Tampoco recurre al guion previsible cuando se le plantea la desigualdad estructural entre hombres y mujeres en la industria. Su respuesta vuelve a situarse en un territorio propio, poco complaciente y difícilmente alineable con los discursos más codificados. “Las cosas son como son y yo no tengo nada que reivindicar”. Y añade una observación que desplaza el foco hacia lo esencial, “después de pasar por un cáncer, yo nado a favor de corriente. Me viene bien cuando me llaman y, si no me llaman, también lo acepto; intento que el exterior me afecte lo justo”. Incluso la idea de que “queda todavía mucho que luchar” le produce cansancio, “la he escuchado desde siempre”, apunta.
No se trata de desinterés, sino de perspectiva, tampoco de resignación, más bien destila una forma de inteligencia práctica que la aleja de cualquier relato ajeno. Porque Antonia San Juan no habla desde el resentimiento, ni desde la autosatisfacción, sino desde una posición mucho más infrecuente, la de quien ha aprendido a sostenerse, a elegirse y a no convertir cada experiencia en un manifiesto.

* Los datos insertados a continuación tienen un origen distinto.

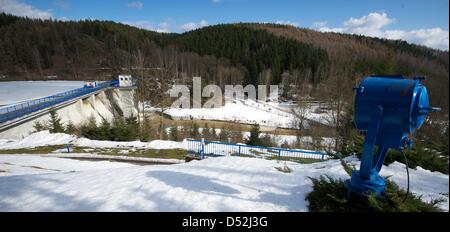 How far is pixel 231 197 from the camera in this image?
4.96 metres

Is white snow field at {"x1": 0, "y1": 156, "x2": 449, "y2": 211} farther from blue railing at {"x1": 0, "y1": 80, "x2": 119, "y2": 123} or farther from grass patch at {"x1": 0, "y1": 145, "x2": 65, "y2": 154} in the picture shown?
blue railing at {"x1": 0, "y1": 80, "x2": 119, "y2": 123}

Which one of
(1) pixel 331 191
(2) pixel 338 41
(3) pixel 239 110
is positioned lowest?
(3) pixel 239 110

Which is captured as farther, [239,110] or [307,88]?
[307,88]

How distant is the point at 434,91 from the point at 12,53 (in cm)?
1977

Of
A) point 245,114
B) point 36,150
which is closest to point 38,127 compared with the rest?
point 36,150

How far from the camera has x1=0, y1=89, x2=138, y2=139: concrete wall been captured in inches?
698

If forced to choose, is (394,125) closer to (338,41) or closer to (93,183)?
(93,183)

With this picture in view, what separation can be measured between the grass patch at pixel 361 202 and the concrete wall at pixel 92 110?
1870cm

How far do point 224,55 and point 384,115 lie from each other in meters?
89.4

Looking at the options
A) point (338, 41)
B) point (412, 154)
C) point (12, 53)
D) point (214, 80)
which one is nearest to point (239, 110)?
point (214, 80)

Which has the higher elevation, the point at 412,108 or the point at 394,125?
the point at 412,108

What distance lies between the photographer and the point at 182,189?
5496 millimetres

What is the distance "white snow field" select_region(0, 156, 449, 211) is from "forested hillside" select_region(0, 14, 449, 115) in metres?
22.9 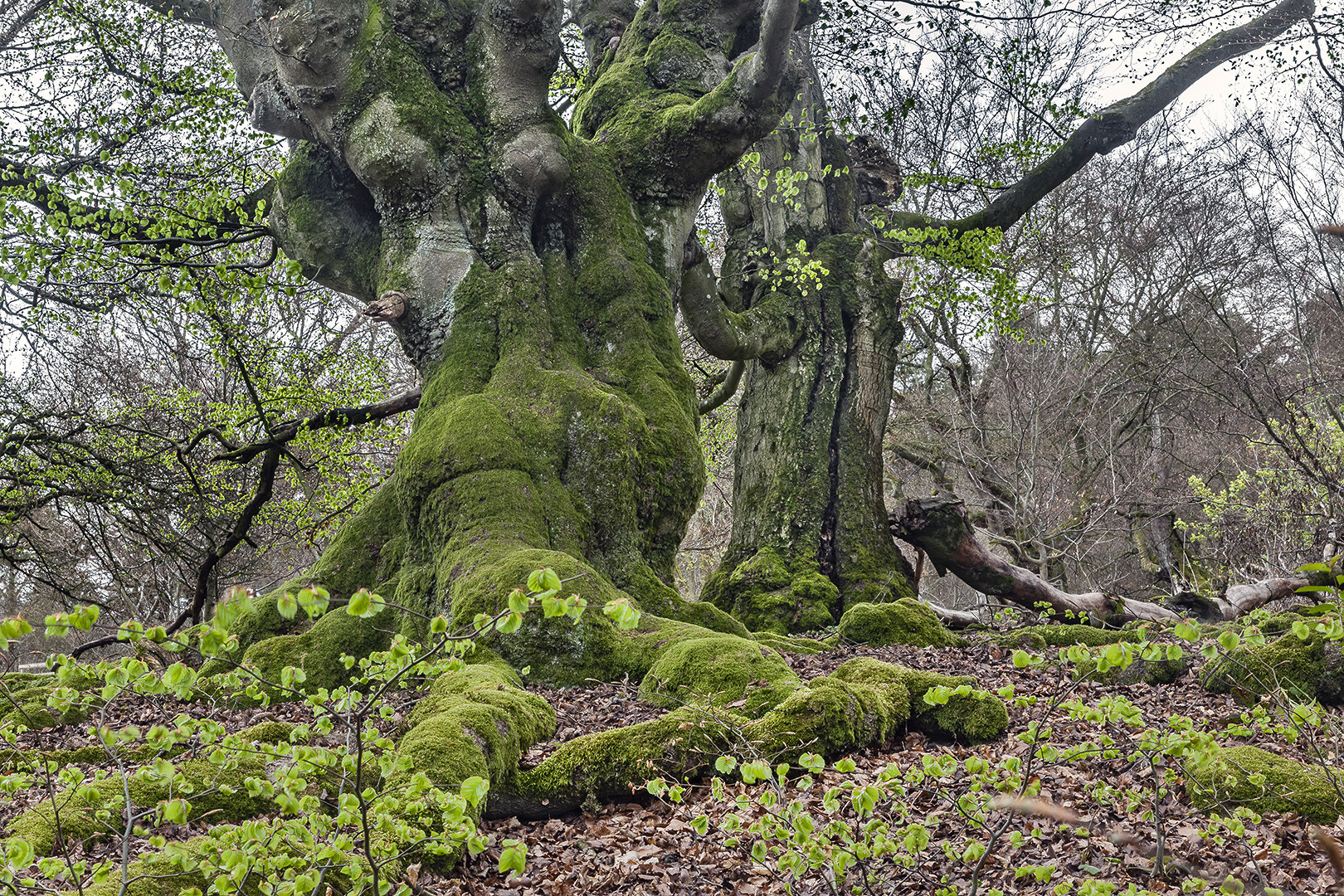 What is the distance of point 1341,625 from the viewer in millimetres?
1962

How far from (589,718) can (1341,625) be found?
143 inches

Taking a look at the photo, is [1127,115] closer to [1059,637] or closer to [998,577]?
A: [998,577]

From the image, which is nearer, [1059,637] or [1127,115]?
[1059,637]

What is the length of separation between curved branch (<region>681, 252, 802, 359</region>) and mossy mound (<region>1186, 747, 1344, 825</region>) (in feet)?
21.6

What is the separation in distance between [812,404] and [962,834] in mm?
7602

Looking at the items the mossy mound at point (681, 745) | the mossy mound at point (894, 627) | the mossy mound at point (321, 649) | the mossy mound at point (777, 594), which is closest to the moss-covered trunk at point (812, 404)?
the mossy mound at point (777, 594)

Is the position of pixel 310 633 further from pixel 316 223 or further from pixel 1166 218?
pixel 1166 218

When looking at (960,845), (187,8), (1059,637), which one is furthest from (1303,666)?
(187,8)

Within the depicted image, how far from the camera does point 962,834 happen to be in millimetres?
3473

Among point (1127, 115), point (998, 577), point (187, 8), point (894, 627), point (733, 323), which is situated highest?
point (187, 8)

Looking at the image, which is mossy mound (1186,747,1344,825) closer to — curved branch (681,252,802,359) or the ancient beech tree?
the ancient beech tree

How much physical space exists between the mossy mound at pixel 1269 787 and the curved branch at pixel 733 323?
21.6 feet

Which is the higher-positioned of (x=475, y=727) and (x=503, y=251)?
(x=503, y=251)

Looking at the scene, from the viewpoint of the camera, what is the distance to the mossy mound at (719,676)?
4.56 metres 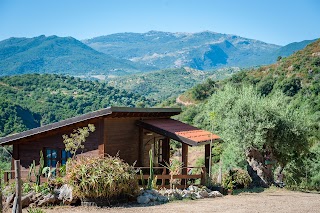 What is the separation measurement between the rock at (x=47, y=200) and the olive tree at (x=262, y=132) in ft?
35.1

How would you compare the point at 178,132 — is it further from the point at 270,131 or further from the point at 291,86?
the point at 291,86

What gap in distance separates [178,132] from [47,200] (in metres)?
6.59

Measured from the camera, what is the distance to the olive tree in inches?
775

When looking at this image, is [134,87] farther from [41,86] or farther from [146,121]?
[146,121]

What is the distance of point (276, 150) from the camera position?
20.8 m

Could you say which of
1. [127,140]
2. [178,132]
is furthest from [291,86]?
[127,140]

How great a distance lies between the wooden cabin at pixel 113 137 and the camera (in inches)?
614

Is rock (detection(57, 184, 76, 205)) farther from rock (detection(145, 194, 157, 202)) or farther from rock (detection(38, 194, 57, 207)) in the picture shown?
rock (detection(145, 194, 157, 202))

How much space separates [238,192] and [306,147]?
618 centimetres

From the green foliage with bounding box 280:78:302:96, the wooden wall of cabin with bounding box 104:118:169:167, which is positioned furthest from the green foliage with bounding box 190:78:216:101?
the wooden wall of cabin with bounding box 104:118:169:167

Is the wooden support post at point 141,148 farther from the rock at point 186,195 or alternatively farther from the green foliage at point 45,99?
the green foliage at point 45,99

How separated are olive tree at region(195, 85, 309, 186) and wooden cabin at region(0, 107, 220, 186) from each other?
254cm

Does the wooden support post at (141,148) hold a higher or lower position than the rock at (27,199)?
A: higher

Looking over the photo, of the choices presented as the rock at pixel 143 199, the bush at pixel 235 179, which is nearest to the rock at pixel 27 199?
the rock at pixel 143 199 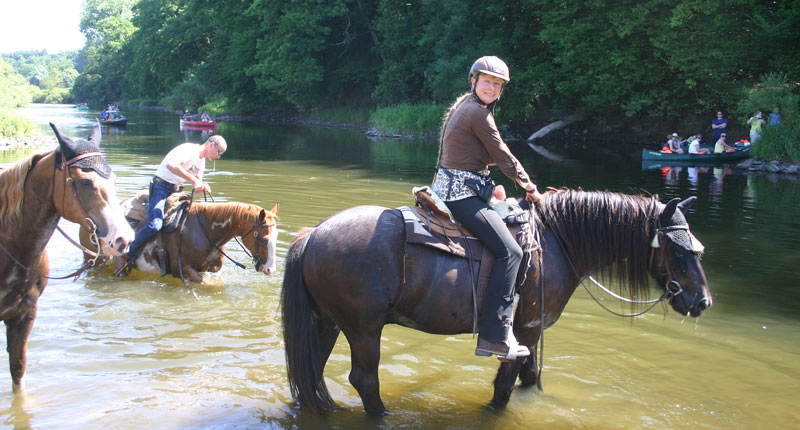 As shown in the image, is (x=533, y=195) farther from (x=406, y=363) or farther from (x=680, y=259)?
(x=406, y=363)

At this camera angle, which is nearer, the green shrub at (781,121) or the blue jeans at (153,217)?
the blue jeans at (153,217)

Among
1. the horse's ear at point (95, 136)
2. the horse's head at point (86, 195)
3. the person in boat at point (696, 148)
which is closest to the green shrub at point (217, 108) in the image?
the person in boat at point (696, 148)

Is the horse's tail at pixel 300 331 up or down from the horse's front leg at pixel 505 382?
up

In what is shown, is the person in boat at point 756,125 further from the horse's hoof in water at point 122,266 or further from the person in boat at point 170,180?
the horse's hoof in water at point 122,266

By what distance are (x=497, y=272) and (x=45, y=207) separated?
135 inches

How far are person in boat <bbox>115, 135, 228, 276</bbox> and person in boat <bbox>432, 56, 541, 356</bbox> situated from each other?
4.47 m

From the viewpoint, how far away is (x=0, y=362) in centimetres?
584

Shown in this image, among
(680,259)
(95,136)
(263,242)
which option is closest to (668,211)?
(680,259)

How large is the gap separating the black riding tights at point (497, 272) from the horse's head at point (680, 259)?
1228mm

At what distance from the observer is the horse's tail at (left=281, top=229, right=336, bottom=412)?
461 centimetres

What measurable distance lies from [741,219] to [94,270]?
1318cm

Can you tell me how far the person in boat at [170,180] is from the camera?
8125 millimetres

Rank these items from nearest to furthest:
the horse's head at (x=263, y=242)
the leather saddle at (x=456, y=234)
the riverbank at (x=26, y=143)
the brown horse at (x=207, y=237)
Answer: the leather saddle at (x=456, y=234) < the horse's head at (x=263, y=242) < the brown horse at (x=207, y=237) < the riverbank at (x=26, y=143)

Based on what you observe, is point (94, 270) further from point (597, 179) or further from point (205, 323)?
point (597, 179) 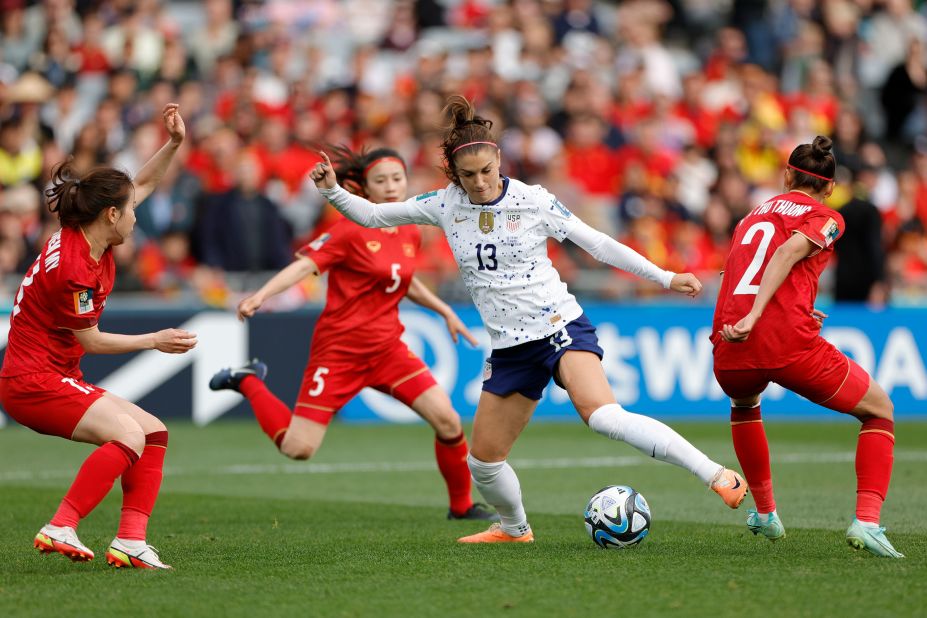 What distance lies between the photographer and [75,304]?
21.8ft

En ese punto de su trayectoria recibe el Astarté de Honor de Ibicine, un festival que ha ido creciendo como cita audiovisual con respaldo de las principales instituciones de Ibiza, como Ibiza Travel, Institut d’Estudis Baleàrics, Xperience by CaixaBank, Consell d´Eivissa, Moda Adlib, o los Ayuntamientos de Evissa, Santa Eulària des Riu, Sant Antoni de Portmany. Un Festival que reivindica la isla no solo como destino, sino también como espacio cultural y cinematográfico, reforzando su proyección a través del turismo cinematográfico y de su vinculación con las rutas MovieTravel de la UNESCO. En 2026, además, contará por primera vez con Ocean Drive Talamanca como hotel sede oficial, en una edición que insiste en situar a Ibiza en el radar del sector audiovisual más allá de sus tópicos turísticos. En ese contexto Antonia San Juan recibe ese reconocimiento sin grandilocuencia. No lo interpreta como una invitación a mirar atrás, ni como un ejercicio de balance solemne. “Siempre es una alegría recibir un premio como este. Un premio siempre es para celebrar, pero no es algo que me obligue a mirar hacia atrás; simplemente, para mí, significa continuar el día a día”.
También su reciente inclusión entre las mujeres más influyentes del archipiélago canario por parte de Forbes Women la traduce desde el mismo lugar, no como una consagración abstracta, sino como una consecuencia directa del vínculo con el público. “Gracias al público que llena los teatros, Forbes se hace eco y me premia”. Tal vez ahí resida una de las claves más limpias de su recorrido. Antonia San Juan no ha construido una carrera ejemplar en el sentido clásico, sino algo más difícil: una carrera verdaderamente propia. Sin pedagogía innecesaria, sin deseo de encajar y sin voluntad de gustar a toda costa. A una actriz joven que hoy la admirara y le pidiera una guía, no le ofrecería una receta, ni una consigna, ni una lección de vida. “Que negocie lo que le dé la gana y como le dé la gana”, responde. Porque, en el fondo, todo en ella parece volver a la misma idea: la libertad no se predica, se ejerce.